[r31] Mahan Messenger: Stay informed, know your new laws (7/25/2011)

Monday, July 25, 2011

Start Date: 7/25/2011 All Day
End Date: 7/25/2011
I hope that you all had a wonderful Fourth of July weekend. Hopefully you got as much sun and family time as you could. The beginning of July not only marks our country's founding, but it also marks a time when many new state laws go into effect.

Those laws include an array of issues from who to card when purchasing alcohol to banning texting while driving to vote centers. There are many other laws that have gone into effect, but I will highlight just a few below.

Before I was elected, the legislature tried to tackle underage drinking by requiring everyone purchasing alcohol to be carded. However, some Hoosiers weren't so pleased. Starting July 1, cashiers will only be required to card individuals who appear to be less than 40 years old. We will still be able to prevent minors from purchasing alcohol, while also taking a common sense approach for our older Hoosiers.

Next on the list were two bans we implemented to ensure the safety of all Hoosiers. We banned the possession of "Spice" and texting or emailing while driving.
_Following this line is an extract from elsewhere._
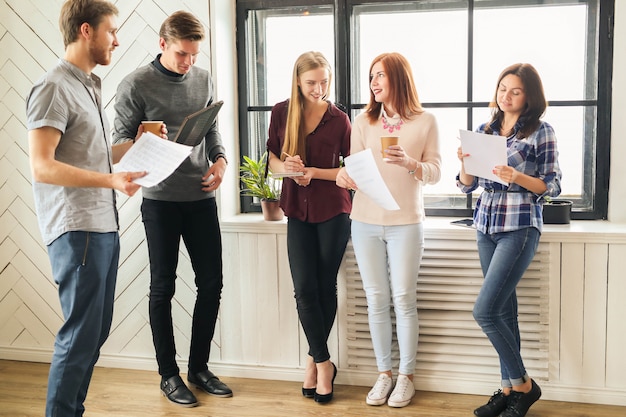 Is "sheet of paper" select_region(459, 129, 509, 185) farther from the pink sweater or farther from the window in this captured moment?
the window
Indiana has seen an unfortunate increase in demand for a synthetic drug known as K2 or Spice, a substance that mimics marijuana, which was sold at local convenience stores. Now, those that possess or deal in this substance will be treated with the same regard as those who possess or deal marijuana. In addition to these substances, there are 25 other substances that have also been banned.

Studies have shown an increase in car accidents due to driver's texting or emailing while driving a motor vehicle. In fact, they are 23 times more likely to cause an accident. To make our streets and highways safer, we passed legislation to ban texting and emailing while driving-the 31st state to do so. Technology will keep improving, but it's our responsibility to ensure laws improve with it. 

On a different note, we also passed legislation to allow counties the option of using vote centers-a method very popular with voters and cost saving measure for counties. This method was successful in the three counties it was piloted in and we felt that all counties should have the option to choose whether or not they would like to implement vote centers.

Last, but certainly not least, was the state's implementation of a small business one-stop shop to cut down on the red-tape small businesses must sort through when filling necessary paperwork. If someone is hoping to start a small business, why shouldn't we make the process smoother?

As I previously mentioned, these are just a few of the laws that are now in effect.